Worth €36 billion, the L’Oreal heiress is said to have lavished the photographer with gifts worth hundreds of millions of euro, including artworks by Picasso and Matisse.

She had even made him her sole heir at one point.

A string of former advisers were also found guilty of “abusing the weakness” of Ms Bettencourt, who is suffering from Alzheimer’s disease.

French photographer Francois-Marie Banier Credit: Jean-Pierre Muller
French photographer Francois-Marie Banier Credit: Jean-Pierre Muller

The verdict brings to an end a long-running a feud between Mrs Bettencourt and her daughter.
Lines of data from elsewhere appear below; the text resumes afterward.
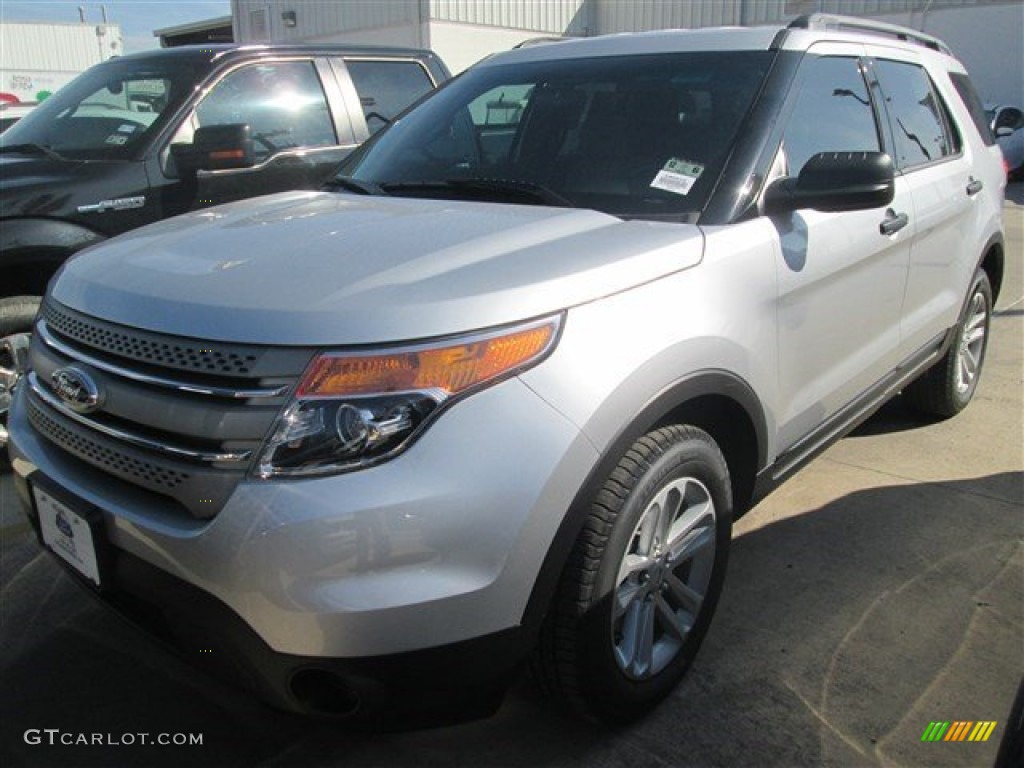 2015 Explorer FWD - Ingot Silver / Medium Light Stone photo #6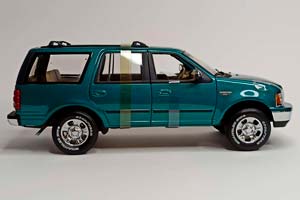 FORD EXPEDITION REGULAR XLT 1:18 UT MODELS — фото 6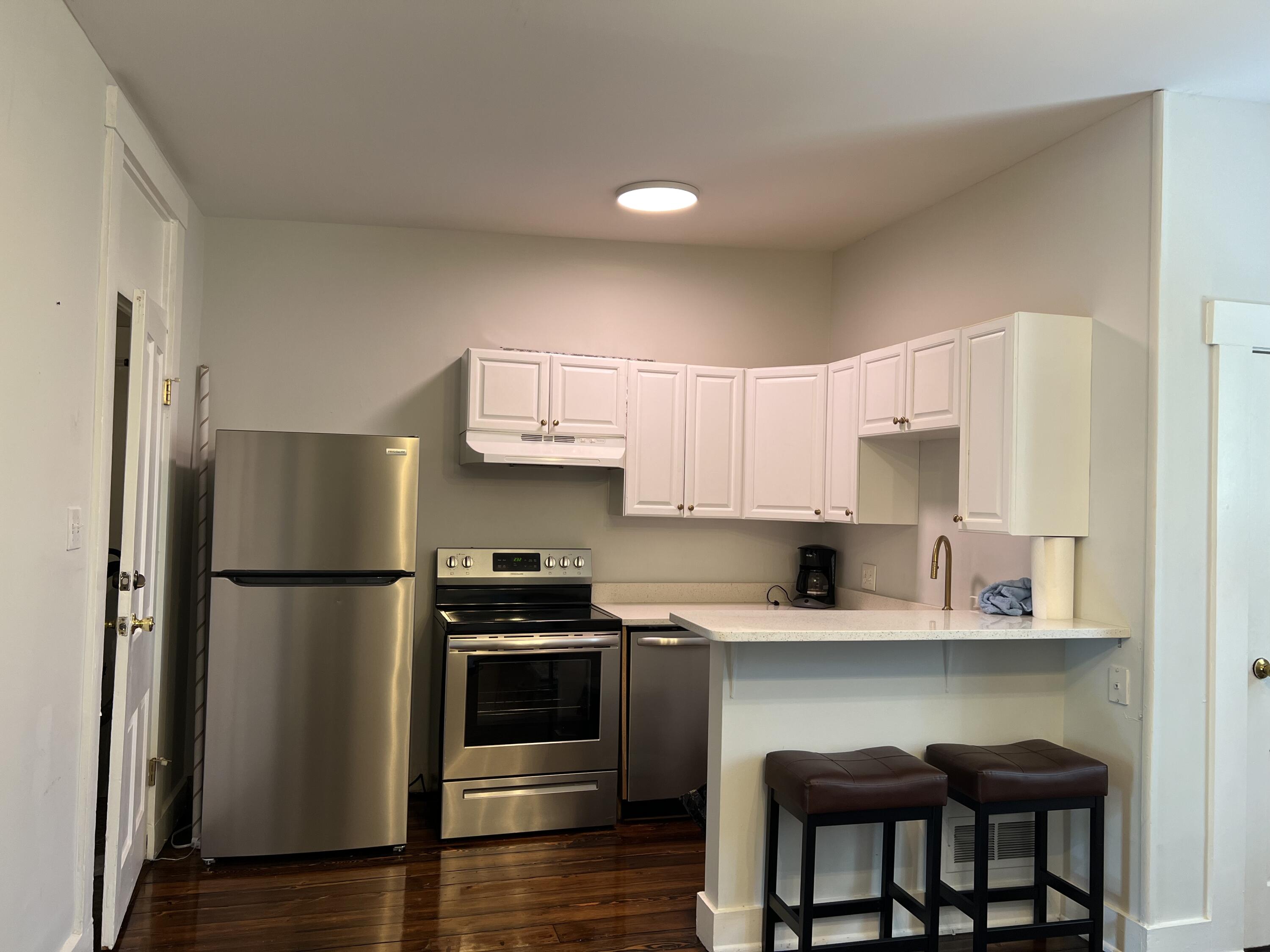 518 Greenup Street, 3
Ms Bettencourt-Meyers said her mother, whose medical records  revealed she suffers from dementia and Alzheimer's disease, was being exploited by Mr Banie and others.

The court in Bourdeaux agreed, saying Banier had "a real moral and psychological hold" on Mrs Bettencourt.

“She found herself at the mercy of men in whom she placed her trust,” said the judge.

The abuse came to light after Mrs Bettencourt’s butler secretly recorded her conversations with her entourage.

In one, the confused heiress was asked by Patrice de Maistre, her wealth manager, to hand over a million euros for “the yacht of my dreams”.  

When her daughter first claimed Mr Banie was manipulating her, Mrs Bettencourt insisted she could spend her time and money on who she saw fit, briefly making him sole heir to her fortune.

Among those who appeared in court but who were cleared of any wrongdoing was Eric Woerth, campaign treasurer and budget minister for former French President’s Nicolas Sarkozy.

Mr Woerth had been accused of influence-peddling after taking donations of cash from Mrs Bettencourt before Mr Sarkozy’s 2007 election.

He was also charged with misusing his position to secure favours from Mrs Bettencourt’s wealth manager, by urging him to employ his wife in exchange for receiving the Legion of Honour, France’s highest decoration.